Loi du lachon hara : la presse doit-elle avoir peur ?

 

 

La Knesset a autorisé en première lecture la loi dite du ”Lachon Hara”. Toute personne ayant publié des informations sur une autre et jugées médisantes pourra être condamnée jusqu’à 300,000 shekels de dommages et intérêts, sans pour autant que le dommage ait été prouvé.
Le monde de la presse s’inquiète : cette loi va-t-elle assainir les médias ou au contraire les entraver ?

Alain Sayada – Israël Actualités
C’est vraiment un scandale ! A la Knesset, au lieu de s’occuper de ceux qui n’arrêtent pas de maudire Israël, y compris au sein de cette assemblée, et qui bénéficient de tous les avantages, on préfère s’occuper de la presse : on est véritablement face à un problème ! La Knesset veut museler la presse, de toutes les manières possibles : après la protection du droit d’auteur, c’est la suite logique. Qui a eu cette idée folle, de mettre des bâtons dans les roues de la presse, encore un député en manque de Gaava…

Jacques Kohn – Magistrat honoraire
Je ne connais pas les détails de ce projet de loi, mais je m’inquiète du flou de sa définition du לשון הרע.
Leלשון הרע , selon loi juive, diffère de la diffamation en ce qu’il consiste à rapporter des faits exacts dans le dessein de nuire à la personne concernée. Plus proche de la diffamation est la הוצאת שם רע ou laהוצאת דיבה , qui consiste en la propagation de propos mensongers. A quelle forme de propos le projet s’applique-t-il ?
Une allégation non vérifiée qui ne porte pas atteinte à l’honneur ou à la considération d’une personne est-elle punissable ?
Qu’est-ce qu’une information sur une autre personne jugée médisante ? Celui qui a publié une telle information peut-il s’exonérer en prouvant qu’elle repose sur des faits exacts ? Les atteintes à la vie publique sont-elles réprimées comme les atteintes à la vie privée ?
N’oublions pas que la liberté d’expression est fragile, et que les gouvernants ont parfois du mal à résister à la tentation de la restreindre.

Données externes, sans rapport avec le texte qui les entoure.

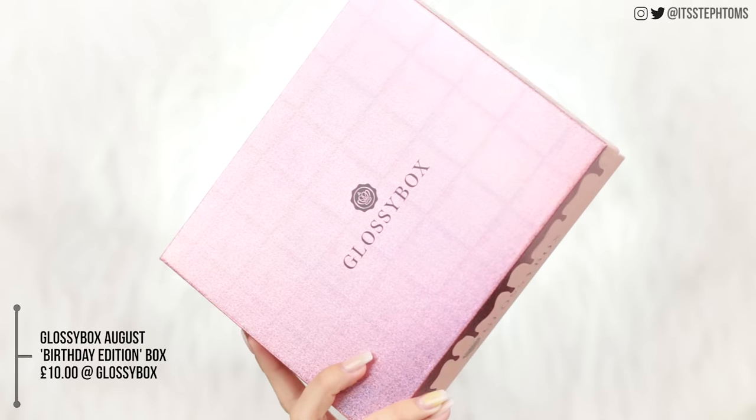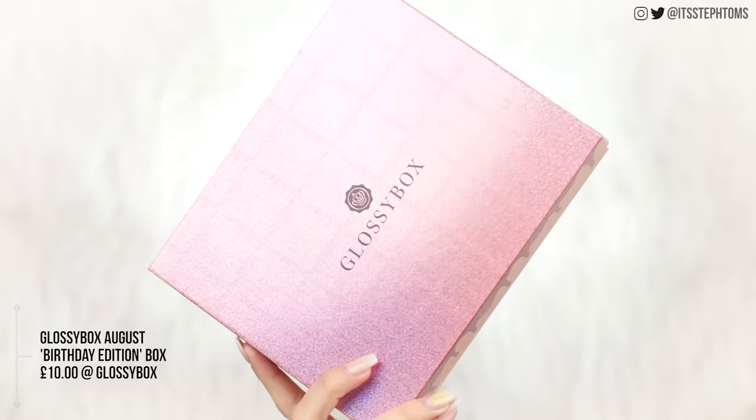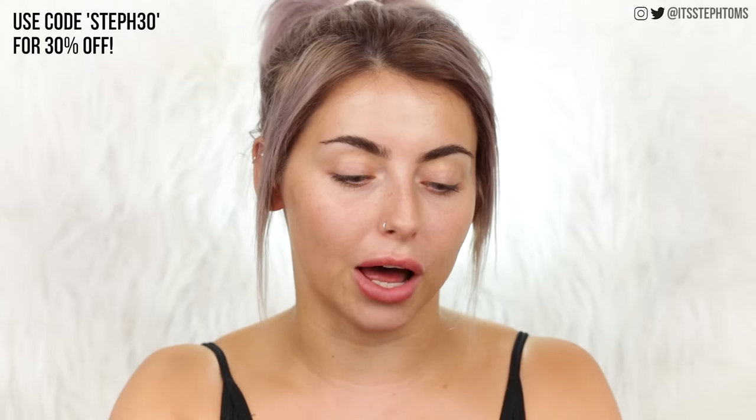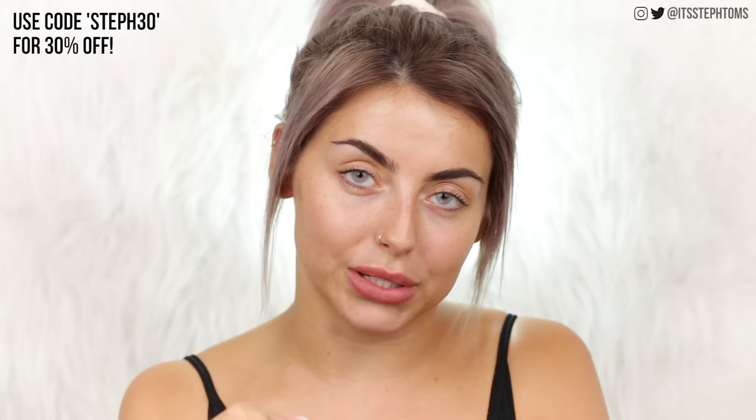I'm sure a lot of you guys are already very familiar with Glossy Box, but if you're not, Glossy Box is basically a monthly subscription service that includes a ton of beauty products. This box here is worth over 50 quid. Normally you pick these bad boys up for 10 pounds a month, which is already like 50 pounds worth of product for a tenner. It's pretty good going, but I have a little discount code for you guys - and by little, I mean it's a pretty hefty discount code. You get 30% off if you use the code Steph30.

Emmanuel Navon – Professeur de relations internationales
Dans le judaïsme, la médisance est un Issour De’oraïta – une transgression interdite par la Torah (« Tu ne répandras pas la médisance au sein de ton peuple » Lévitique, 19 :16). Le Hafetz Haïm a consacré un livre entier (« Shmirat Halashon ») à l’interdiction du Lashon Hara, et l’Ecclésiaste nous dit qu’une bonne réputation vaut plus que la richesse (« Tov Shem Mishemen tov »). On ne peut donc que se féliciter d’une loi qui s’inspire d’un principe fondamental du judaïsme. Par ailleurs, la Knesset n’a pas voté (en première lecture) une loi sur l’interdiction de la diffamation ; elle n’a fait que modifier une loi qui existe depuis 1965.
Cette modification consiste uniquement à augmenter le montant des sommes que le Tribunal peut imposer au diffamateur. Avec la loi révisée, une victime de diffamation pourra toucher jusqu’à trois cent mille shekels (au lieu de cinquante mille dans la loi existante), même si la victime ne prouve pas au tribunal qu’un dommage lui a été causé. Si le plaignant peut prouver au Tribunal que le diffamateur a agi intentionnellement, le plaignant pourra être dédommagé d’une somme pouvant aller jusqu’à six cent mille shekels dans la nouvelle version de la loi (contre cent mille shekels dans la version précédente).
La loi modifiée ne change pas le fait qu’il faille prouver au Tribunal qu’il y a eu diffamation – chose qu’il n’est pas toujours facile à prouver et à faire accepter au Tribunal. La modification de la loi ne fait qu’augmenter le coût du mensonge, de la diffamation, et de la médisance. Il ne s’agit aucunement d’une atteinte à la liberté d’expression. Celle-ci reste intacte. Ce qui présente un risque, en revanche, c’est la possibilité de mentir, de diffamer, et de médire. C’est bien ce que craignent et ce que critiquent ceux qui se sont habitués à « répandre la médisance » en toute impunité.

Anna Oliel – Infolive.tv
La loi anti-diffamation fait des vagues en Israël. Il faut s’en réjouir : c’est un signe, une fois de plus, que notre démocratie fonctionne.
Nombreux sont les journalistes qui s’interrogent sur les conséquences d’une telle loi pour la liberté d’expression.
Mais cette législation apporte une réponse à certains maux qui touchent notre pays.
Force est de constater que trop souvent, nos confrères privilégient le scoop à la véracité de l’information, ce qui en plus de nuire à l’éthique du métier journalistique, ne fait resurgir que les pires aspects de la vie politique israélienne. De plus, ils nourrissent les médias occidentaux et servent notamment à la presse française de caution anti-israélienne voir anti-juive.
La loi anti-diffamation est tout le contraire d’une loi anti-démocratique. La quête de vérité est essentielle pour Israël, un pays touché par la désinformation. Le conflit avec les Palestiniens a trop longtemps servi de laboratoire à la désinformation.
De même, le travail de sape des députés arabes israéliens à la Knesset, constamment engagés dans des diatribes qui délégitiment l’Etat juif, ne peut se poursuivre en totale impunité. La liberté d’expression doit aussi être constructive. Par conséquent, la loi anti-diffamation, à condition que son cadre juridique soit davantage étayé, doit pouvoir imposer certaines limites nécessaires à notre pays.
Israël gagne sur tous les fronts : de la science à la technologie, de la médecine à la culture…et grâce à cette loi, Israël peut réussir à gagner la guerre des médias.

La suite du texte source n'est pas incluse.